Est-il possible de délocaliser le festival de Mostaganem à Alger ? On ne peut pas le déplacer à Alger, car il a été créé pour la région de Mostaganem. On peut en parallèle organiser d'autres événements dans d'autres wilayas du pays mais le Festival de la poésie melhoun doit rester à Mostaganem, sur les lieux de son histoire.
En tant que président du Conseil national des art et des lettres, que comptez-vous apporter pour améliorer la situation de l'artiste et de l'écrivain algérien ? C'est difficile et très dur. Moi et les membres du conseil, qui vient de se reconstituer pour encore trois années, avons un grand travail à faire pour améliorer la situation de l'artiste algérien. Il y a des travaux d'urgence qui ont été faits. La sécurité sociale pour les artistes est acquise. C'est sorti dans un décret publié au Journal officiel. On est là pour aider l'artiste et faire comprendre aux différentes institutions de l'Etat la nature de son travail.
Quelles sont les critères sur lesquels vous vous appuyez pour attribuer la carte de l'artiste ? Tout d'abord, il faut présenter une fiche de renseignements qui nous servira pour le service national. Une deuxième fiche est nécessaire, celle qui comporte les documents officiels, extrait de naissance… Mais la pierre angulaire de la reconnaissance de l'artiste, c'est son CV. C'est-à-dire le produit de l'artiste. Ce dernier passe par une commission de validation qui évalue le produit. La première commission s'est arrêtée le 1er juin. Elle a travaillé sur beaucoup de dossiers et la deuxième reprendra le travail le 10 septembre prochain. Cependant, il y a beaucoup de dossiers qui ont été rejetés car il n'est pas donné à tout le monde d'être artiste. La reconnaissance de l'artiste, on l'a délivre par une carte, mais que veut dire réellement cette carte ? Historique, elle veut dire que l'Etat algérien, indépendant depuis 1962, reconnaît pour la première fois le statut de l'artiste. Cet élément utile pour la société n'existait pas juridiquement. Aujourd'hui, l'univers de l'artiste dans toute sa diversité est reconnu en Algérie. Un grand chantier reste à réaliser… Il faut faire un travail de recensement dans toutes les catégories (combien de peintres, de comédiens, de chanteurs…). C'est un point très important…

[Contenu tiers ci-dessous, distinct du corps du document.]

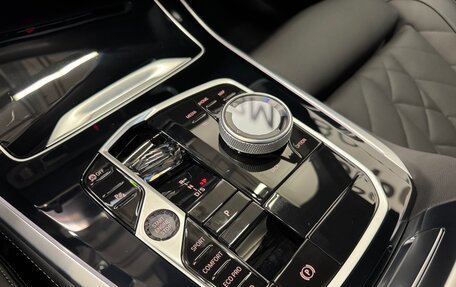 BMW X5, 2025 год, 15 290 000 рублей, 17 фотография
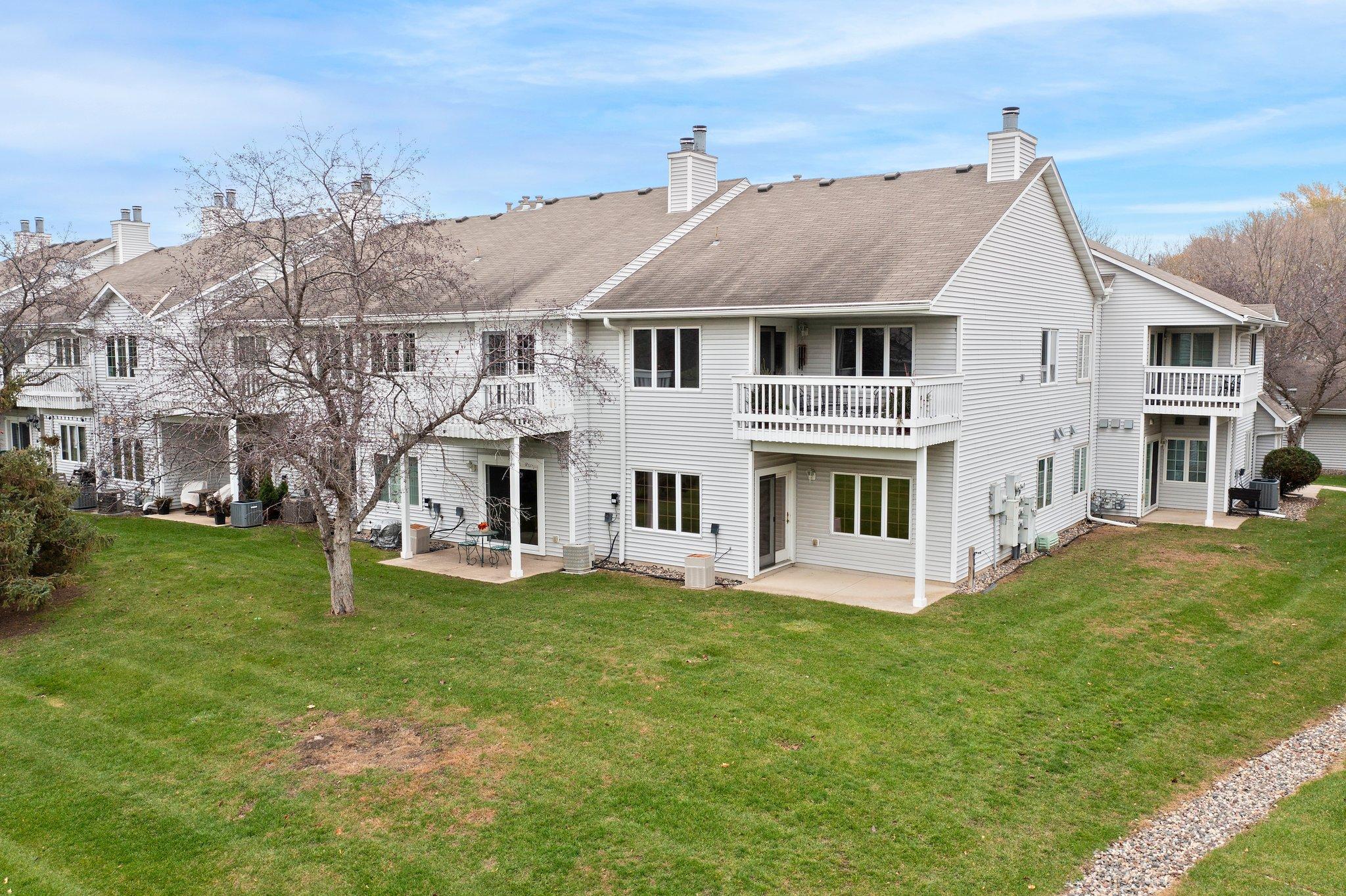 3566 Blue Jay Way Unit: 105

Quels sont vos projets, mis à part le diwan que vous finalisez sur Sidi Lakhdar Benkhlouf ? L'ouvrage sur Benkhlouf est terminé, je viens juste de peaufiner les derniers détails. En ce moment, dans ce tumulte du festival, je trouve la paix. Je suis en train d'écrire sur Cheikh El Badji. C'est un ouvrage complètement différent des autres… En même temps, je termine aussi d'autres livres qui vont sortir vers la fin de l'année en cours, en plus d'un 4e tome du livre les Grandes figures de l'art musical en Algérie, tous édités chez l'Enag.